One particular article stuck with me with the headline “you’re old enough to say no”, as two students were condemned for their actions after an alcohol-fuelled social with their club. I’m no detective, but the pictures of the boys involved in that particular event were brutish young men from a rugby club who, in my humble opinion, couldn’t look less sorry if they tried.
Here, I will boldly assume that the boys chose to go to their club social, drank heavily and after deciding to be a part of the games, took it too far. I could be triggering huge controversy here, but I’m certainly not under the impression that these boys wanted to say no at any point, despite having the privilege of crossing the age line that allows them to take responsibility for themselves.
Please don’t think that I’m obnoxiously writing from the perspective of a member of a sports club who wants to rebuke the media and exercise my right to get royally smashed just for the sake of it. I understand that the argument of ‘I’m a 21-year-old woman; I often drink more units per week than the recommended amount for an adult male and I’m still alive’ doesn’t particularly hold up.

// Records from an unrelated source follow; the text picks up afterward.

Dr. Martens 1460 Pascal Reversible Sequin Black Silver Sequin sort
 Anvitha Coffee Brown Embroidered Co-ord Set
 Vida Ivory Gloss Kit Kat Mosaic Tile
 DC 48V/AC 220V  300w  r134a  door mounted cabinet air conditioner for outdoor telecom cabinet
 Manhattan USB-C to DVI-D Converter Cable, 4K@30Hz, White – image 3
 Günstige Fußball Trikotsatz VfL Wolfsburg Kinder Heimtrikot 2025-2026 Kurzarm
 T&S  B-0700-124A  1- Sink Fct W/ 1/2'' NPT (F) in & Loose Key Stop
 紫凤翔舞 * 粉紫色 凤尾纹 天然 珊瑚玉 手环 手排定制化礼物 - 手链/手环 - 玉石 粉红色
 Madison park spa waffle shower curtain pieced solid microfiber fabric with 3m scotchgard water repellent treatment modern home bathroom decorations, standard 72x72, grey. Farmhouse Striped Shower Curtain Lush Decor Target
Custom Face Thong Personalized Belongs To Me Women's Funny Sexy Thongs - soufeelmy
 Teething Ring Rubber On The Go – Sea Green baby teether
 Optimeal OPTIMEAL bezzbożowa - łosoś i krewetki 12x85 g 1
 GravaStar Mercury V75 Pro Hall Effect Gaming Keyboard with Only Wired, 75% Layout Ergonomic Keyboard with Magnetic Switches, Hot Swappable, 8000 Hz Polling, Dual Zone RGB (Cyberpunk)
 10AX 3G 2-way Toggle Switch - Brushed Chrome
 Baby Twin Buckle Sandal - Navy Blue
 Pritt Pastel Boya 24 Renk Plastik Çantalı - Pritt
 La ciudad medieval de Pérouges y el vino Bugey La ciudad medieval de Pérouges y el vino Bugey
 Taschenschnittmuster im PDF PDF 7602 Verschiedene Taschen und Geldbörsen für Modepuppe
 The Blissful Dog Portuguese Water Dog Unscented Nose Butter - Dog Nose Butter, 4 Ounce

My argument against the angst of the media towards sports societies is because I feel simultaneously condemned and patronized, and the latter is not an experience that I relish.
On the off chance that this reaches a single member of the public outside of QMBL, please let me make something clear. The difference between an innocent Fresher and the demon that is a third year, is not actually that vast. Firstly, while we may have more experience with it, more often than not they do actually know what beer is. Finally, for those who do choose to come along, we are entering into two hours of drinking games led by one of our peers within the club. Correct, it’s unlikely that many will leave these sessions particularly sober, but for as long as the SU continues to allow sessions to occur and the Daily Mail insists on writing about it, let the record show that when asked, we said yes.